*** Begin section ***

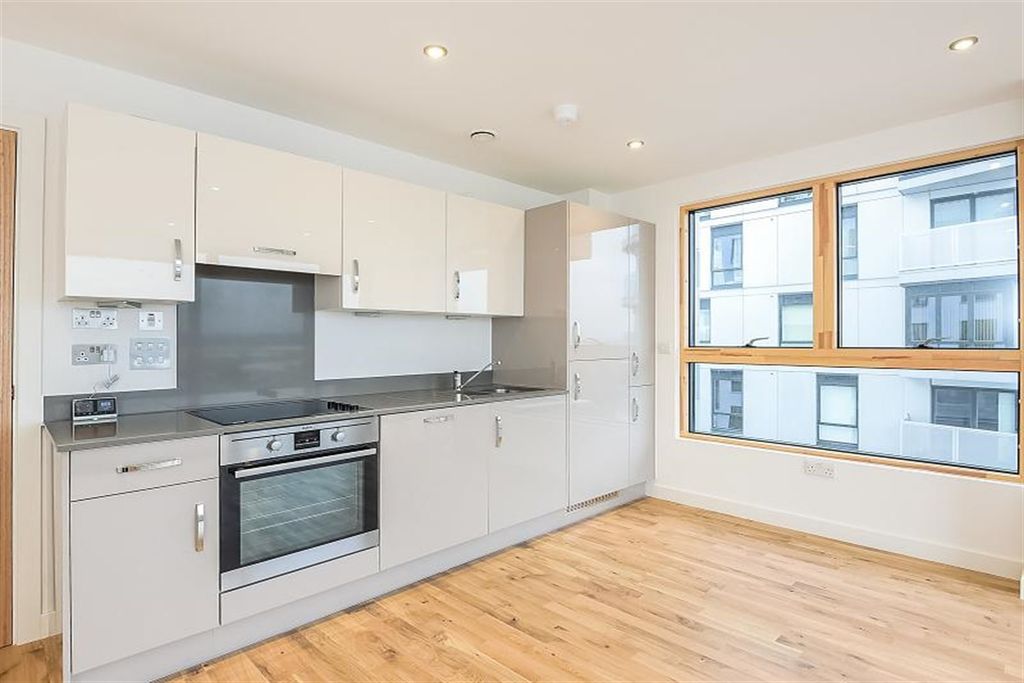 Property photo 3 of 7 Kitchen+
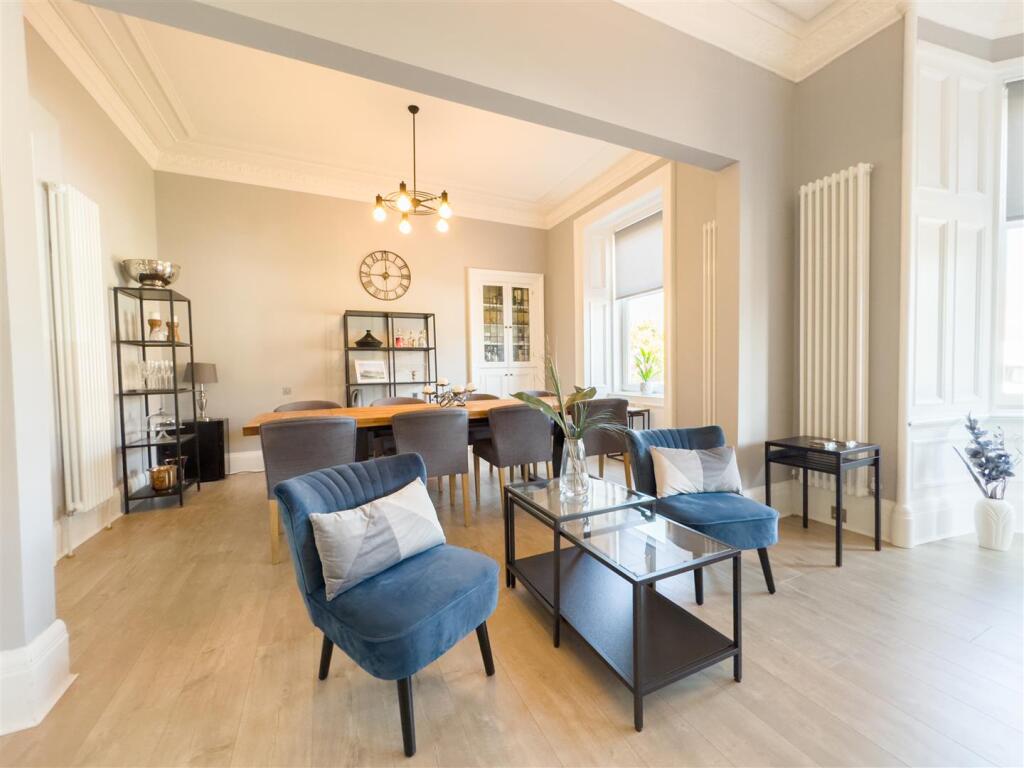 Lounge/Dine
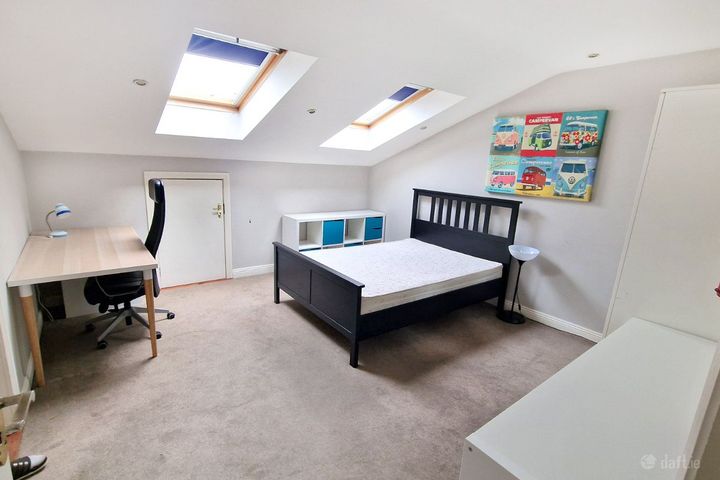 Old Bawn Road, Tallaght, Dublin 24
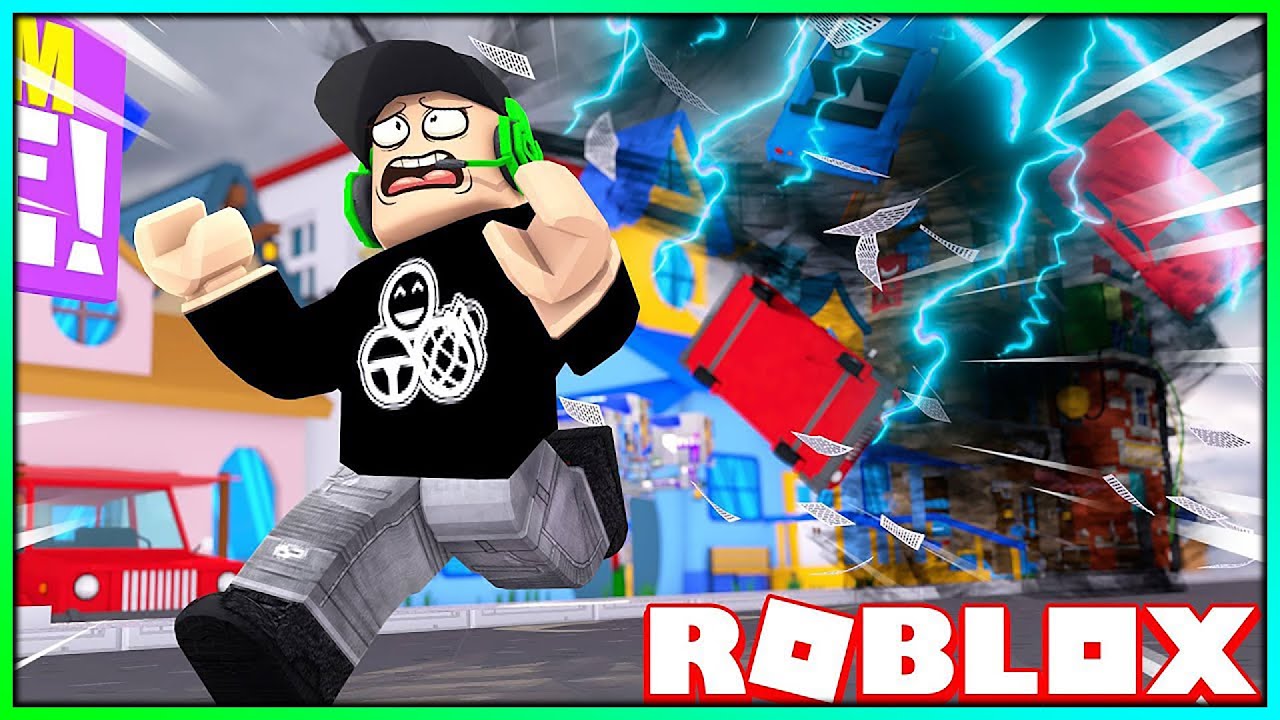 CAN WE SURVIVE A TORNADO IN ROBLOX?! (Tornado Alley Ultimate)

*** End section ***

* [Assignment] Every line from the one bearing "Old Bawn Road, Tallaght, Dublin 24" through the end of the data above must be output exactly, and no picture may appear.

* [Task output]
 Old Bawn Road, Tallaght, Dublin 24
 CAN WE SURVIVE A TORNADO IN ROBLOX?! (Tornado Alley Ultimate)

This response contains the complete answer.